**SUPPLIED MATERIAL:**

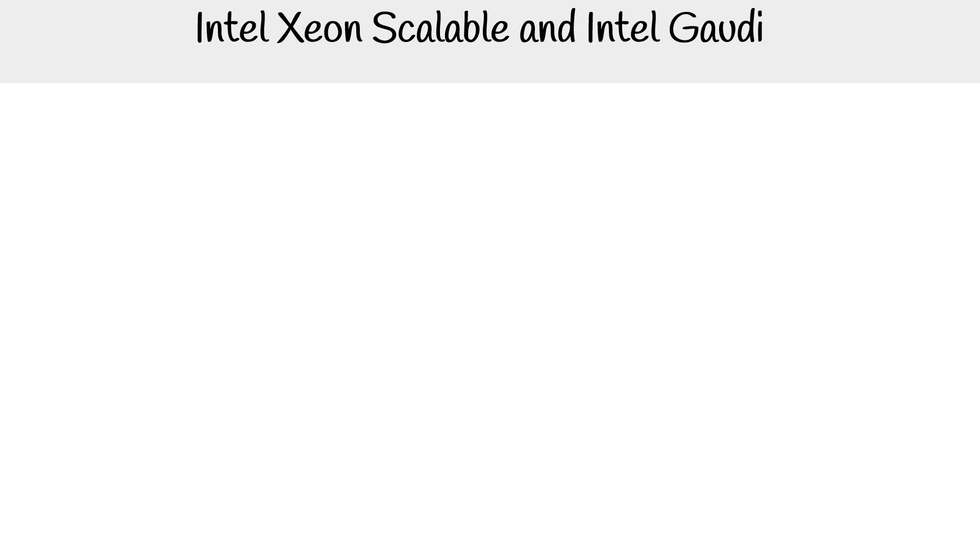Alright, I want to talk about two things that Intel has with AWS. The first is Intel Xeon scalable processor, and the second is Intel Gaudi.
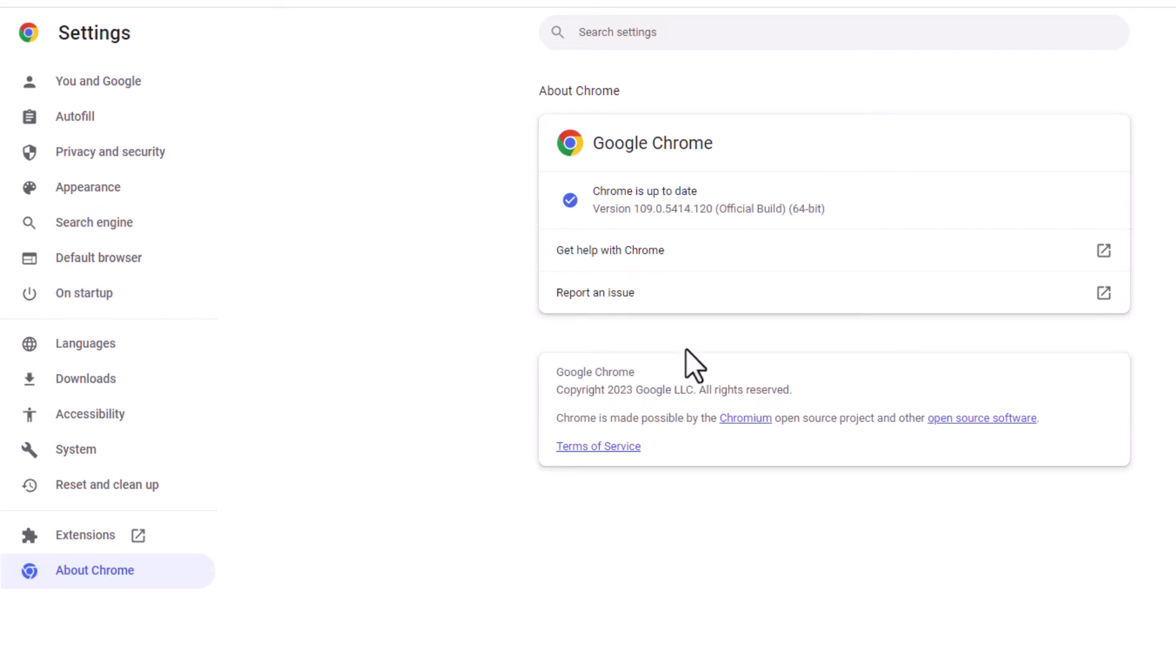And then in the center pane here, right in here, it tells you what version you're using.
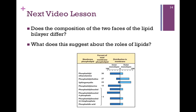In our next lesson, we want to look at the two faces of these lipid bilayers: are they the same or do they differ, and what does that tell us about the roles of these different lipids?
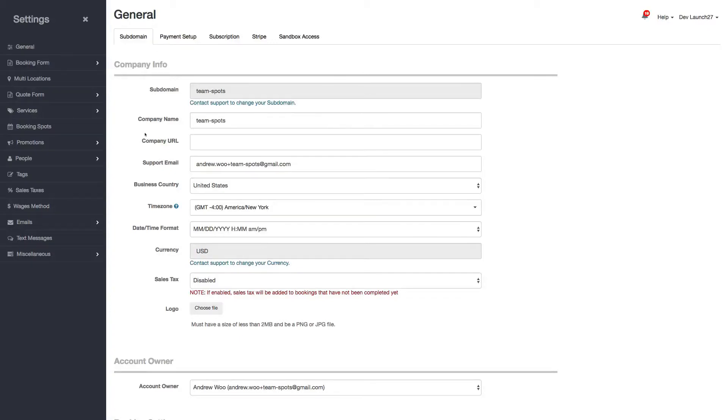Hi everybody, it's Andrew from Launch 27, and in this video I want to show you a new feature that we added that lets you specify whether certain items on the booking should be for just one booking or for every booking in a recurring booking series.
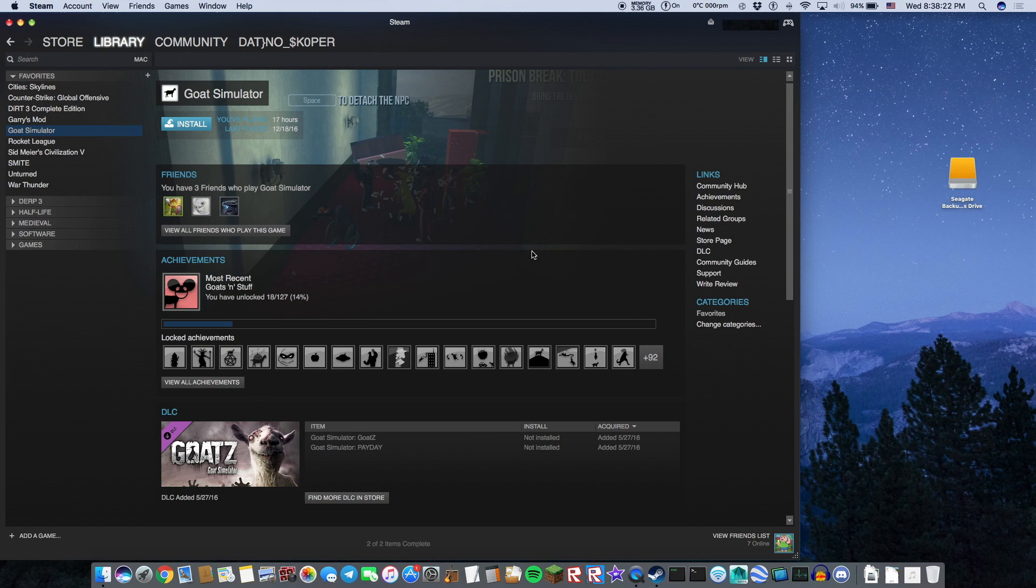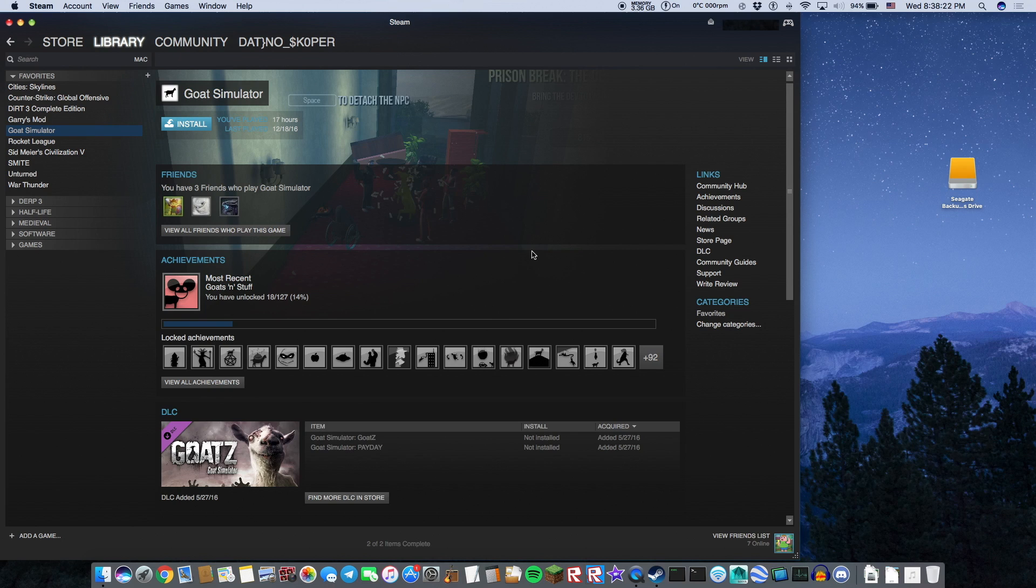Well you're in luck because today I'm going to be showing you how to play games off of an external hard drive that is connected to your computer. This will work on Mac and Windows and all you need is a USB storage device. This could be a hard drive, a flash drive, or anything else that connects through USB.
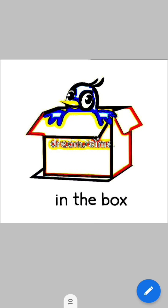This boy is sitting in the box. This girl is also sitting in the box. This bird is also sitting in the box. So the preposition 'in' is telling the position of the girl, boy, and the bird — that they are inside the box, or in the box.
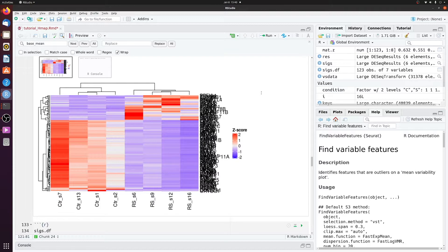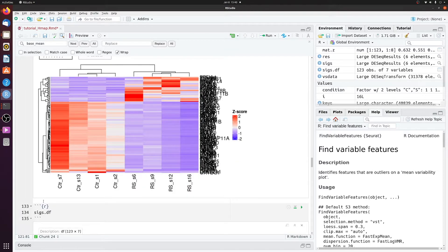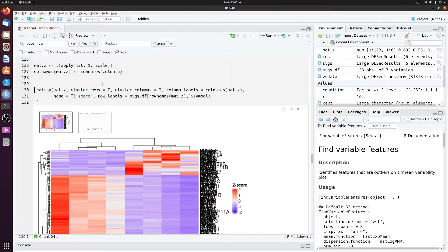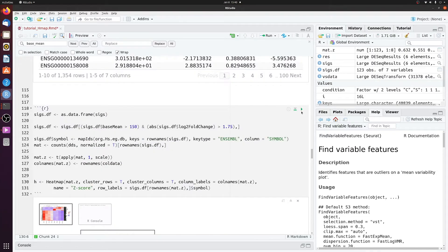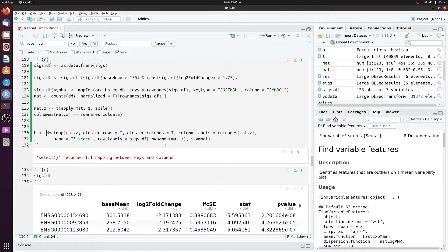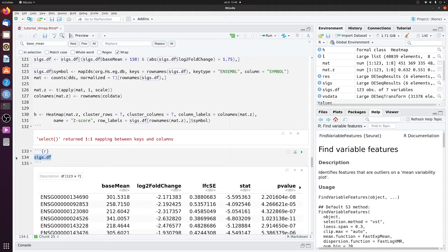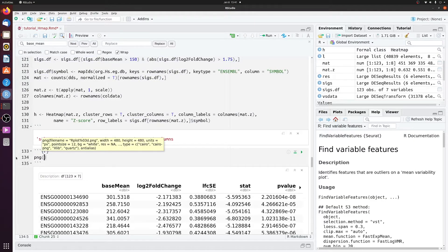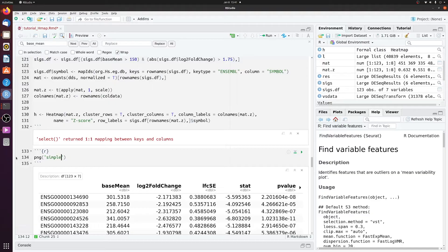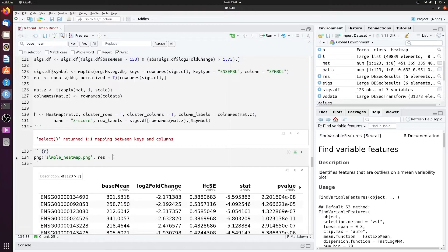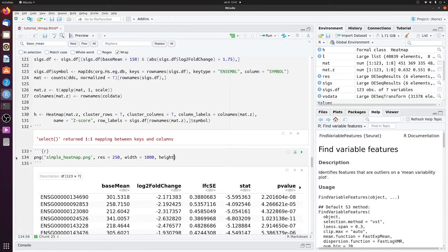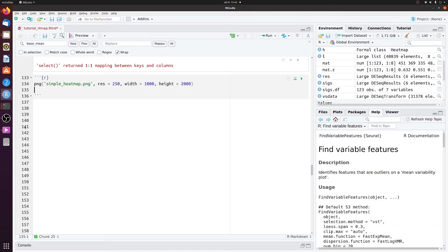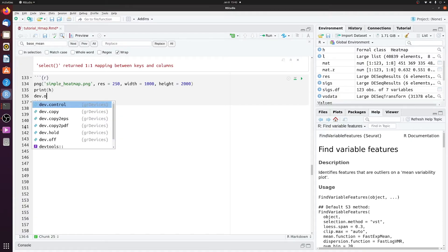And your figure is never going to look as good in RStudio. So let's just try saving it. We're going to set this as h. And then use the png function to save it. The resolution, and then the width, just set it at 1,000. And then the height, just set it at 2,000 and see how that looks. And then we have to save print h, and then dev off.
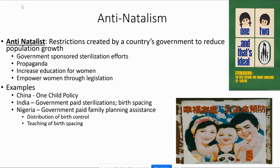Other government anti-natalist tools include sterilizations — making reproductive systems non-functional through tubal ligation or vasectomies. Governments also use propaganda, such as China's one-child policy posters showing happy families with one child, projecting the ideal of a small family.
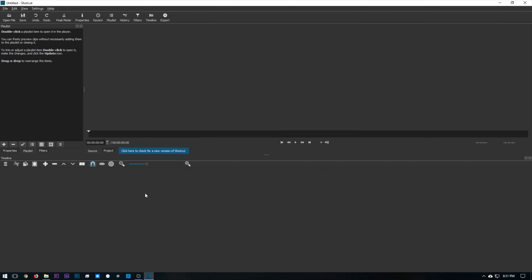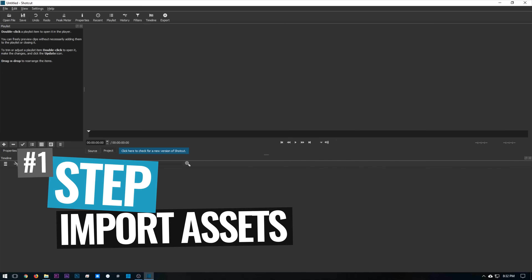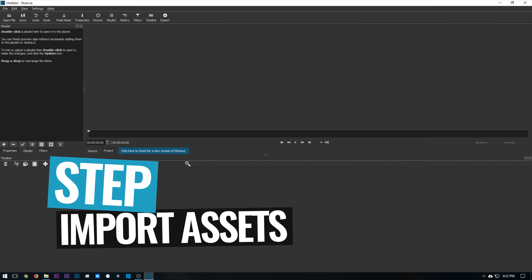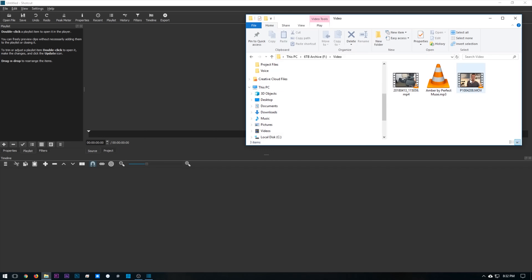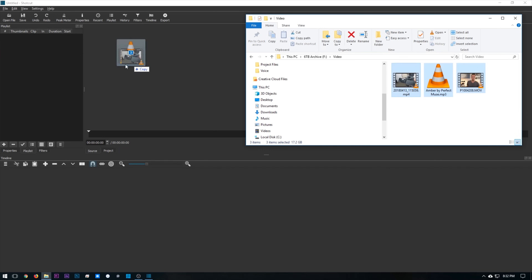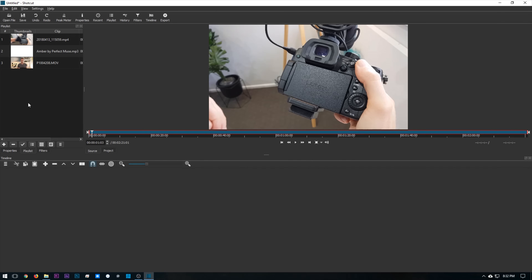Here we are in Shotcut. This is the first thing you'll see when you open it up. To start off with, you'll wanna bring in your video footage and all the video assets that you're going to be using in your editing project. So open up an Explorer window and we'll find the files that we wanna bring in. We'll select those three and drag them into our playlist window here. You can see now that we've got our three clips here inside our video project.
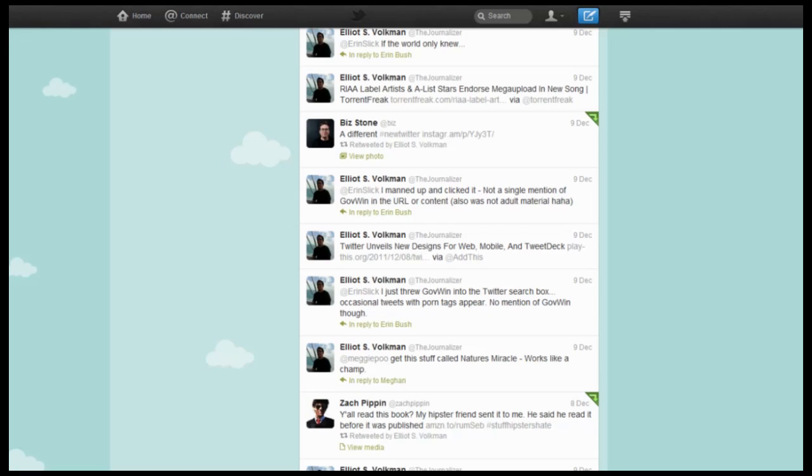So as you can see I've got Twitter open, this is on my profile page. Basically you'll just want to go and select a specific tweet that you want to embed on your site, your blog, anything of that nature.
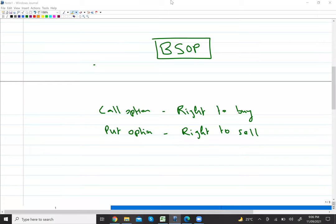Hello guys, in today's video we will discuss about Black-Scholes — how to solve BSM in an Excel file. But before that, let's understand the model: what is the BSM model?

**WORK TO COMPLETE:**
From the data above, return only the lines starting at the line that holds "In our next" and ending at the line that holds "So as you can", word for word and without pictures.

**ANSWER TO THIS TASK:**
In our next lesson, we want to look at the two faces of these lipid bilayers: are they the same or do they differ, and what does that tell us about the roles of these different lipids?
Hi everybody, it's Andrew from Launch 27, and in this video I want to show you a new feature that we added that lets you specify whether certain items on the booking should be for just one booking or for every booking in a recurring booking series.
Well you're in luck because today I'm going to be showing you how to play games off of an external hard drive that is connected to your computer. This will work on Mac and Windows and all you need is a USB storage device. This could be a hard drive, a flash drive, or anything else that connects through USB.
This boy is sitting in the box. This girl is also sitting in the box. This bird is also sitting in the box. So the preposition 'in' is telling the position of the girl, boy, and the bird — that they are inside the box, or in the box.
And your figure is never going to look as good in RStudio. So let's just try saving it. We're going to set this as h. And then use the png function to save it. The resolution, and then the width, just set it at 1,000. And then the height, just set it at 2,000 and see how that looks. And then we have to save print h, and then dev off.
Other government anti-natalist tools include sterilizations — making reproductive systems non-functional through tubal ligation or vasectomies. Governments also use propaganda, such as China's one-child policy posters showing happy families with one child, projecting the ideal of a small family.
Here we are in Shotcut. This is the first thing you'll see when you open it up. To start off with, you'll wanna bring in your video footage and all the video assets that you're going to be using in your editing project. So open up an Explorer window and we'll find the files that we wanna bring in. We'll select those three and drag them into our playlist window here. You can see now that we've got our three clips here inside our video project.
So as you can see I've got Twitter open, this is on my profile page. Basically you'll just want to go and select a specific tweet that you want to embed on your site, your blog, anything of that nature.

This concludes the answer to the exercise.